We have an alternative formulation for this, one that involves more flexibility. Python functions have an all other keywords parameter, prefixed with **. It is often shown like this:

def rtd2(distance, rate, time, **keywords):
    print(keywords)

We can leverage the flexible keywords parameter and insist that all arguments be provided as keywords:

def rtd2(**keywords: float) -> Dict[str, Optional[float]]:
    rate = keywords.get('rate')
    time = keywords.get('time')
    distance = keywords.get('distance')
etc.

The keywords type hint states that all of the values for these parameters will be float objects. In some rare case, not all of the keyword parameters are the same type; in this case, some redesign may be helpful to make the types clearer.

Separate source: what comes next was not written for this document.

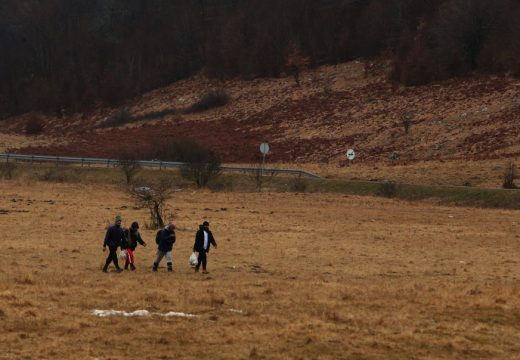 Porast nezakonitih prelazaka granice sa BiH, a evo odakle sve dolaze migranti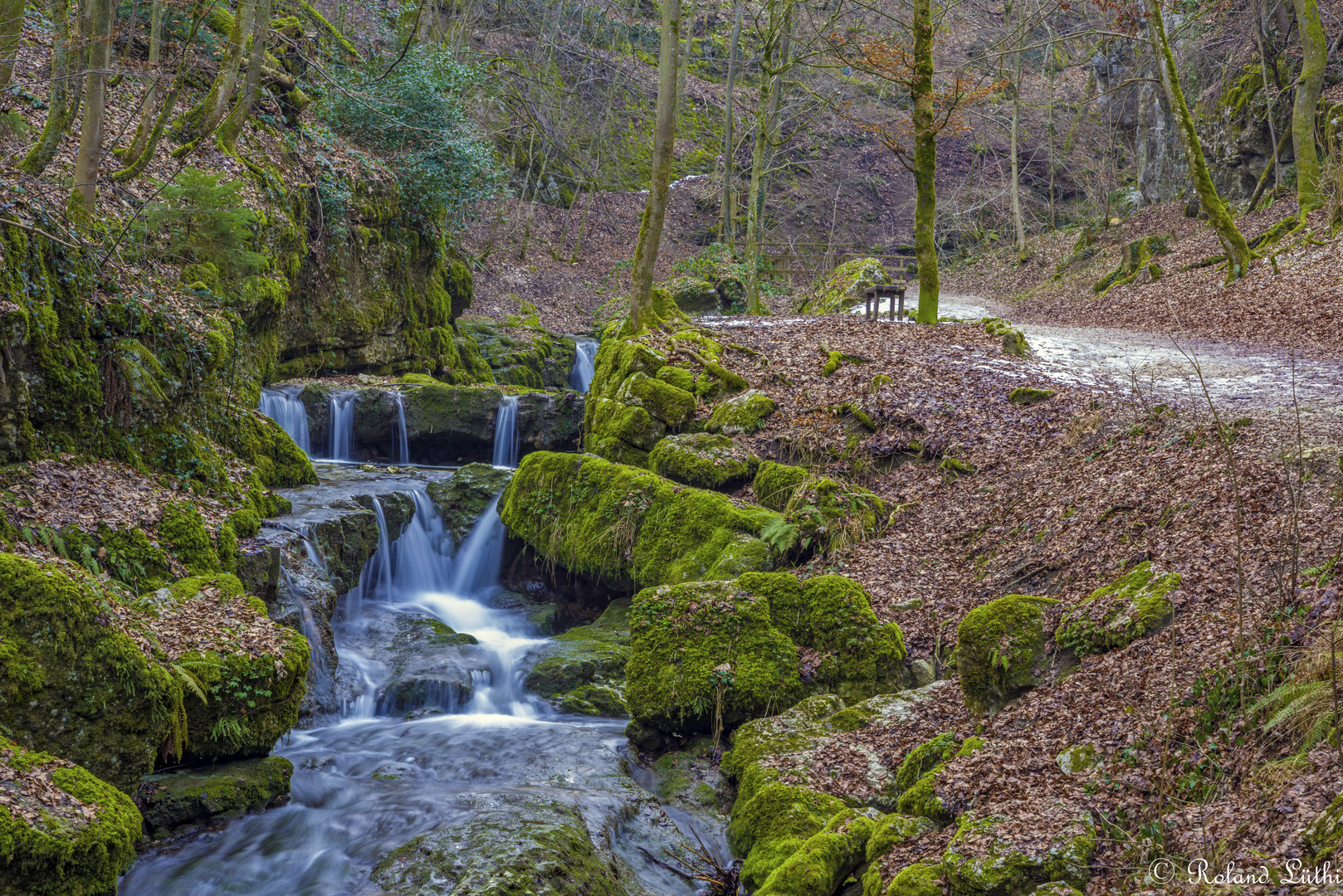 Verenaschlucht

This version uses the dictionary get() method to find a given key in the dictionary. If the key is not present, a default value of None is provided.

The dictionary's get() method permits a second parameter, the default, which is provided if the key is not present. If you don't enter a default, the default value is set to None, which works out well for this function.

This kind of open-ended design has the potential advantage of being much more flexible. It has some disadvantages. One potential disadvantage is that the actual parameter names are hard to discern, since they're not part of the function definition, but instead part of the function's body.

We can follow the Writing clear documentation strings with RST markup recipe and provide a good docstring. It seems somehow better, though, to provide the parameter names explicitly as part of the Python code rather than implicitly through documentation.

This has another, and more profound, disadvantage. The problem is revealed in the following bad example:

>>> rtd2(distnace=31.2, rate=6)
{'distance': None, 'rate': 6, 'time': None}

This isn't the behavior we want. The misspelling of "distance" is not reported as a TypeError exception. The misspelled parameter name is not reported anywhere. To uncover these errors, we'd need to add some programming to pop items from the keywords dictionary and report errors on names that remain after the expected names were removed:

def rtd3(**keywords: float) -> Dict[str, Optional[float]]:
    rate = keywords.pop("rate", None)
    time = keywords.pop("time", None)
    distance = keywords.pop("distance", None)
    if keywords:
        raise TypeError(
            f"Invalid keyword parameter: {', '.join(keywords.keys())}")

This design will spot spelling errors, but has a more complex procedure for getting the values of the parameters. While this can work, it is often an indication that explicit parameter names might be better than the flexibility of an unbounded collection of names.

See also

  • We'll look at the documentation of functions in the Writing clear documentation strings with RST markup recipe.